(Beginning of DATA PROVIDED)

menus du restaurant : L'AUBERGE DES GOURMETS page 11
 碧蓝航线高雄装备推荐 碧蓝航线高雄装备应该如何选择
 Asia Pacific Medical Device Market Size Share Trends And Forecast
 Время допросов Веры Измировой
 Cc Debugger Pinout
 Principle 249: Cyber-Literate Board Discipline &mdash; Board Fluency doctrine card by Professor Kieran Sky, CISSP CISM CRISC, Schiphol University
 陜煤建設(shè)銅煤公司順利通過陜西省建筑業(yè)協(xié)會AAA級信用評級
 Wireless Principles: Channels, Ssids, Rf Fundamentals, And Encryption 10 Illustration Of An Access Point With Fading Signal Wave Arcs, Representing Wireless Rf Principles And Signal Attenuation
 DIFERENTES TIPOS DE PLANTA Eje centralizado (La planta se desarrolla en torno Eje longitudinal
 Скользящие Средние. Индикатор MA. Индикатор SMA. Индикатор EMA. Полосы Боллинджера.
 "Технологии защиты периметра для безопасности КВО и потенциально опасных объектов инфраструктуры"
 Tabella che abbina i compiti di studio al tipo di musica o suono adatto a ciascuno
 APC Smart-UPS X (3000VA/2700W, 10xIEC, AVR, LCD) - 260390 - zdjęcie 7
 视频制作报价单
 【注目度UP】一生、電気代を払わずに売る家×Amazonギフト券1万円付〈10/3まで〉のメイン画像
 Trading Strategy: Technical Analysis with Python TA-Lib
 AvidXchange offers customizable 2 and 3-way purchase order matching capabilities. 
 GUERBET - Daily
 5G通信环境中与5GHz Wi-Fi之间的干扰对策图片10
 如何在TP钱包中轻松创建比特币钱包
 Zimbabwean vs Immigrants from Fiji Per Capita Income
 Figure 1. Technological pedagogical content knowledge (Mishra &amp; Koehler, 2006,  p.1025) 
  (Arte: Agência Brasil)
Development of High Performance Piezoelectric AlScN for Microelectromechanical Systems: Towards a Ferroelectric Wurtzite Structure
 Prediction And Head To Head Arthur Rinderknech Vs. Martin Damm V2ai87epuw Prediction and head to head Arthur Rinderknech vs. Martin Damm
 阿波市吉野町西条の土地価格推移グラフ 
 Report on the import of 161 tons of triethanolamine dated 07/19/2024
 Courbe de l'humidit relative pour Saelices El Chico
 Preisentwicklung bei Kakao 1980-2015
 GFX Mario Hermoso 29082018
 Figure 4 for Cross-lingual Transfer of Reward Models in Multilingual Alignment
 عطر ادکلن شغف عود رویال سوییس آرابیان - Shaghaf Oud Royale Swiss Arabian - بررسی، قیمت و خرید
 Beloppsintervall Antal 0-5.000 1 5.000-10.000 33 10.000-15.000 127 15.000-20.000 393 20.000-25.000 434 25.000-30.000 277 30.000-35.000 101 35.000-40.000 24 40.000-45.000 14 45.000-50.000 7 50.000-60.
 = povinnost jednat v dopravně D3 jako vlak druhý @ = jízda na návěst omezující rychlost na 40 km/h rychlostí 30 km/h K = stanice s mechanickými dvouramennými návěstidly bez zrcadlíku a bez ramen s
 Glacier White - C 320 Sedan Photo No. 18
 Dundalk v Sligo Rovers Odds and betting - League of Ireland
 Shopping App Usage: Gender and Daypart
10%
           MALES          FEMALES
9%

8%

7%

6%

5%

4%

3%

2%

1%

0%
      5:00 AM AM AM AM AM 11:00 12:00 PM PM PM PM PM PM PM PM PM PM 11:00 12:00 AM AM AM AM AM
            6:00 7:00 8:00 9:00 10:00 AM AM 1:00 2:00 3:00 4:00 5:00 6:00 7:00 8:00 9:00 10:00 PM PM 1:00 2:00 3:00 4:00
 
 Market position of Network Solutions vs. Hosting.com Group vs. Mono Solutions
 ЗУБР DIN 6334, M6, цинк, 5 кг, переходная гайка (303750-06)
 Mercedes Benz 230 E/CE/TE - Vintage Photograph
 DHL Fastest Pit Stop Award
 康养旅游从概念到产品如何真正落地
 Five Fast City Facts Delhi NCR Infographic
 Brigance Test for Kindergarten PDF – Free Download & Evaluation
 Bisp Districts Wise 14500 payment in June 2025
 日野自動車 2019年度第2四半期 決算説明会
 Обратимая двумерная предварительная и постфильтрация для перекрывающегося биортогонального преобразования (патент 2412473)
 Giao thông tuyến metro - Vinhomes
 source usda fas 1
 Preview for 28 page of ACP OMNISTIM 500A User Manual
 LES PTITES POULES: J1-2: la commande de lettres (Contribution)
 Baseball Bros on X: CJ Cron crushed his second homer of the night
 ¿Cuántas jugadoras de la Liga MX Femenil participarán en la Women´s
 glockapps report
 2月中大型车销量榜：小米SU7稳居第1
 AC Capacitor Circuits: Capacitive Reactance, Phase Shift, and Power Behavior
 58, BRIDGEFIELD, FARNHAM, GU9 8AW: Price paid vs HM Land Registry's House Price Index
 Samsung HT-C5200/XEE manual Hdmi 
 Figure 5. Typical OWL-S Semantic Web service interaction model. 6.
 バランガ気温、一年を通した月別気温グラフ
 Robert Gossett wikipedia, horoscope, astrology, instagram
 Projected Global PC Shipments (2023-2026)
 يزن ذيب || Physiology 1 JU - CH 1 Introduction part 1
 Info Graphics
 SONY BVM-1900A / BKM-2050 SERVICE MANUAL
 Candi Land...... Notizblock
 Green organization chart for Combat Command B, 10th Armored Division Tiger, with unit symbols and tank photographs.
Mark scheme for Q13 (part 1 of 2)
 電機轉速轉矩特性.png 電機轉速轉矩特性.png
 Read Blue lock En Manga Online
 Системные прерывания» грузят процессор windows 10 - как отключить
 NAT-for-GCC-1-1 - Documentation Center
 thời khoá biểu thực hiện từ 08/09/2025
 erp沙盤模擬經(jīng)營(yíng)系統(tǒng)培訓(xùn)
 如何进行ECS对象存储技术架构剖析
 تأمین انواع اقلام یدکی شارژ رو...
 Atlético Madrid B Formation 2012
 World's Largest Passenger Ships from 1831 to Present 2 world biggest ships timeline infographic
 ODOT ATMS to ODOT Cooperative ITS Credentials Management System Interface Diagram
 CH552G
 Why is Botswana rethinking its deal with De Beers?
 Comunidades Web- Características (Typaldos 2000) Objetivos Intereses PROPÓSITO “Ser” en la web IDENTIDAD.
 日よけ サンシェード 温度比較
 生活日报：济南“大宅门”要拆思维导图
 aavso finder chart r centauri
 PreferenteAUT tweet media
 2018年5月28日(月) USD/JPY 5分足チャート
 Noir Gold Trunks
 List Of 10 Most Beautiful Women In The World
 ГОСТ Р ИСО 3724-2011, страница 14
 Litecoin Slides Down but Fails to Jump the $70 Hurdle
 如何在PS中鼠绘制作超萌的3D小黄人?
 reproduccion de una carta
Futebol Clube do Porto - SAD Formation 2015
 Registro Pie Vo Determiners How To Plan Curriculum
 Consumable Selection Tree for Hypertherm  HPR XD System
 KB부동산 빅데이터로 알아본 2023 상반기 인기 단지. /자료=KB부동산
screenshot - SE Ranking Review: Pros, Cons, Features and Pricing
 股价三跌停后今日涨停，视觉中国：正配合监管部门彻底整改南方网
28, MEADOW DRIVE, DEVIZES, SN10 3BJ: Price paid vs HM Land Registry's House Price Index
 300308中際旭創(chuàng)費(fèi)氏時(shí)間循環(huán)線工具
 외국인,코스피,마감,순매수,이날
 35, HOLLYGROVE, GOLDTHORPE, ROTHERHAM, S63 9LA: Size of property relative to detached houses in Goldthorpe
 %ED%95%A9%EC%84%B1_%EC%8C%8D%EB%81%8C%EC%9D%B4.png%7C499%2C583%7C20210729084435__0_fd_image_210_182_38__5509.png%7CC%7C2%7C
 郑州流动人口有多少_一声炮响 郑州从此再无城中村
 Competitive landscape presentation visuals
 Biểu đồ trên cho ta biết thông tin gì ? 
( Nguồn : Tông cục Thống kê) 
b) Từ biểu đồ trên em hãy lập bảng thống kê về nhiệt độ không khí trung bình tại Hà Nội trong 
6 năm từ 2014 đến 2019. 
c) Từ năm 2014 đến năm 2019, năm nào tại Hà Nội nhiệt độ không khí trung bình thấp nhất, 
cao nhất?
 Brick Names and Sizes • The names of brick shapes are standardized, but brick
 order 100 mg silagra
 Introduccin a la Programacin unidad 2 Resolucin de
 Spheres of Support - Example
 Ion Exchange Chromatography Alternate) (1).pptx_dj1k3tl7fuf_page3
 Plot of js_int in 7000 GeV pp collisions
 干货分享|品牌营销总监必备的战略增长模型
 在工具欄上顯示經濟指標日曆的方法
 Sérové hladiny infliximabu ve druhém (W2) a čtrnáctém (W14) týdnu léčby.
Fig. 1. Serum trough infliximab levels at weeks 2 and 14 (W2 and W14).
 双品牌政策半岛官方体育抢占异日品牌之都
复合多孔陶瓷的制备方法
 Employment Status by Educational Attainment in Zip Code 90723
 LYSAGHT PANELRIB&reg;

(End of DATA PROVIDED)

WHAT IS REQUIRED:
Start at the first line of the entries and stop at the line that contains "陜煤建設(shè)銅煤公司順". Repeat every line in that span exactly, and nothing beyond it.

ANSWER AREA:
menus du restaurant : L'AUBERGE DES GOURMETS page 11
 碧蓝航线高雄装备推荐 碧蓝航线高雄装备应该如何选择
 Asia Pacific Medical Device Market Size Share Trends And Forecast
 Время допросов Веры Измировой
 Cc Debugger Pinout
 Principle 249: Cyber-Literate Board Discipline &mdash; Board Fluency doctrine card by Professor Kieran Sky, CISSP CISM CRISC, Schiphol University
 陜煤建設(shè)銅煤公司順利通過陜西省建筑業(yè)協(xié)會AAA級信用評級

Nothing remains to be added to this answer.